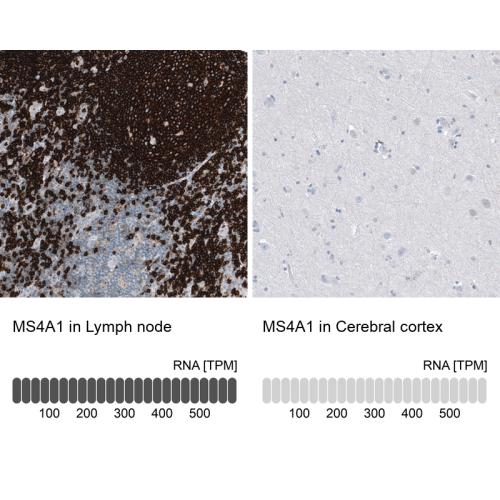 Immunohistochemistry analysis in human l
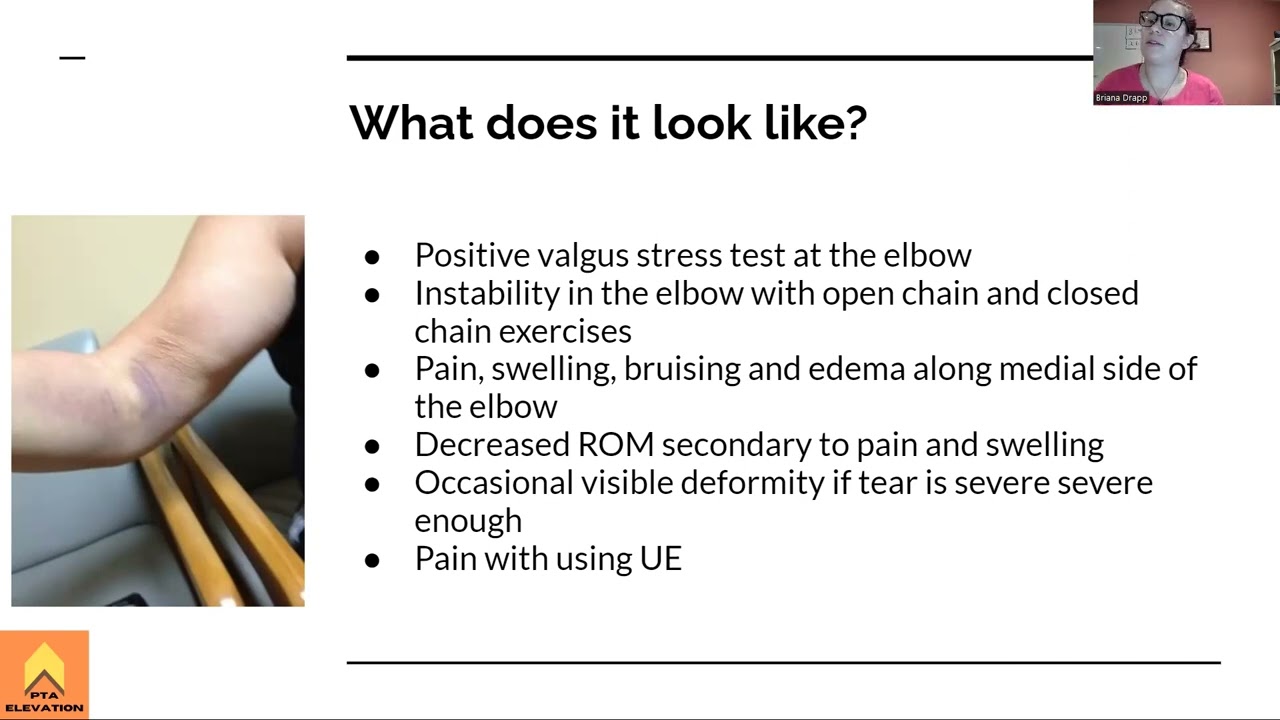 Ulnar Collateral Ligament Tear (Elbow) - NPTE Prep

---

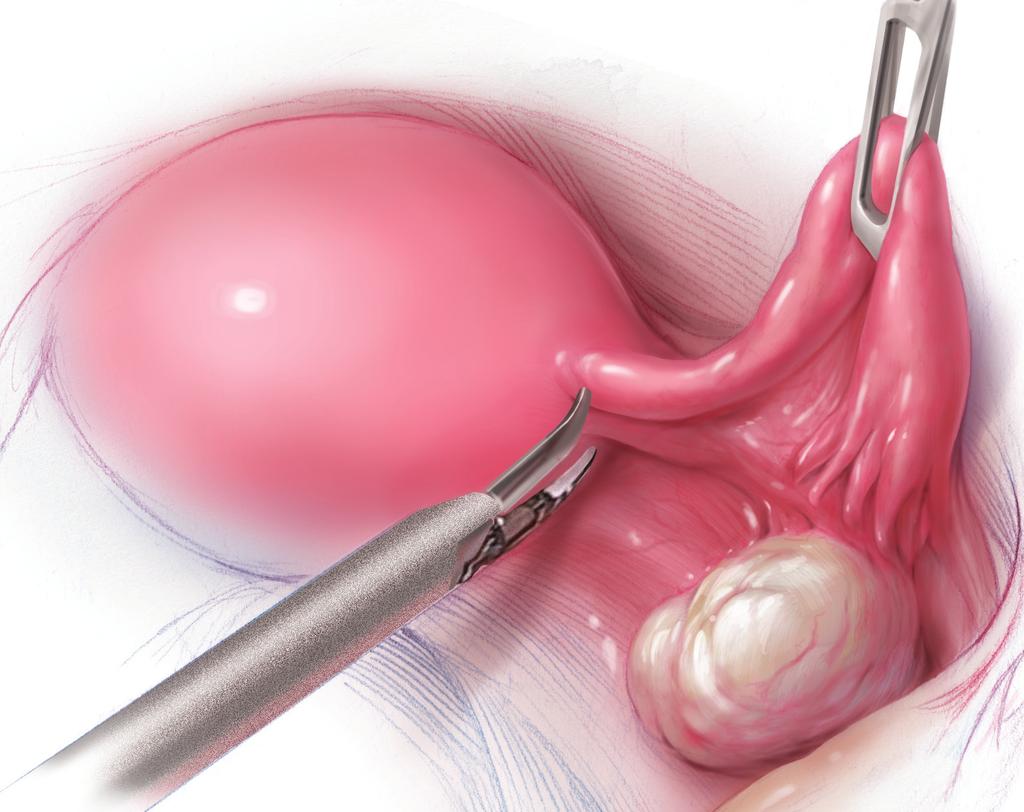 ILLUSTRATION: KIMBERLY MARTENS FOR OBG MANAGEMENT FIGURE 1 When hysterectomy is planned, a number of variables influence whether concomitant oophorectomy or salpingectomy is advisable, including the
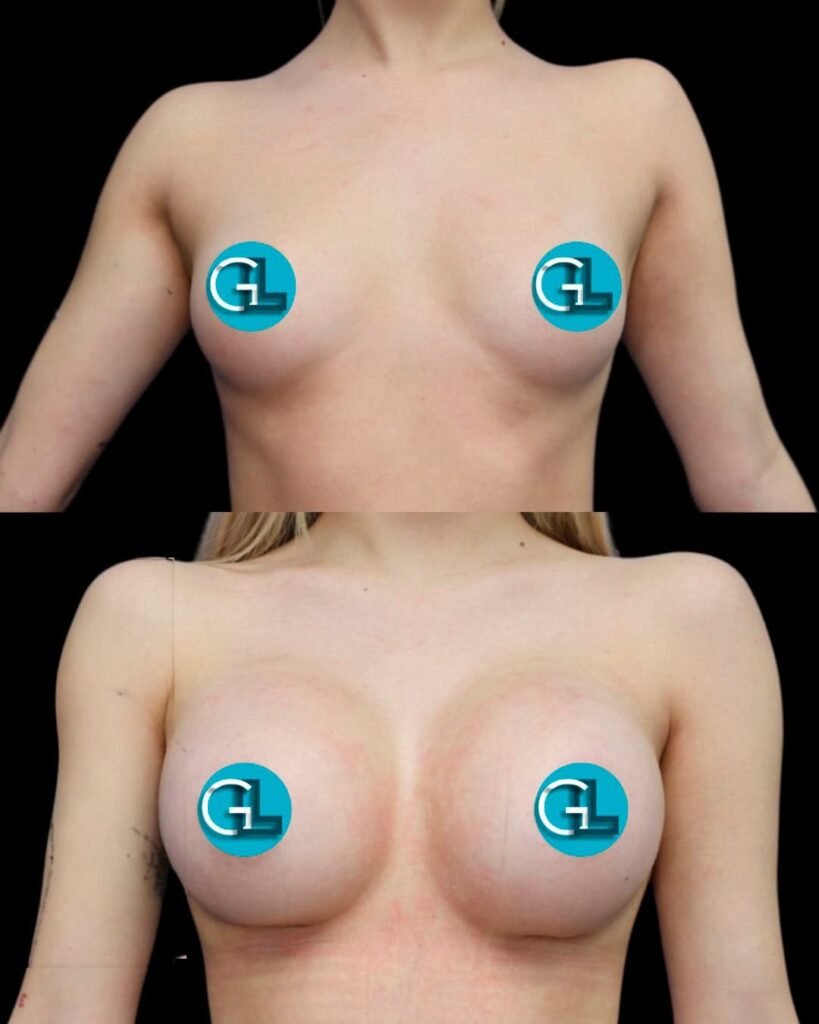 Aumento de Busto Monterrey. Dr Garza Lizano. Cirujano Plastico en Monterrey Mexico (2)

...

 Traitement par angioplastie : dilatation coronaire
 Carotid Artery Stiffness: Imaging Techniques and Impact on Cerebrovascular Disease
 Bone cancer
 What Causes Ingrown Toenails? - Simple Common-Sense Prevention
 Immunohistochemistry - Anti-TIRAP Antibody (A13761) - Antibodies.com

• [TRY IT]:
Reproduce the listing above from the line that holds "Immunohistochemistry analysis in human l" through the line that holds "Ulnar Collateral Ligament", both included, with the pictures left out.

• [FINISHED TASK]:
 Immunohistochemistry analysis in human l
 Ulnar Collateral Ligament Tear (Elbow) - NPTE Prep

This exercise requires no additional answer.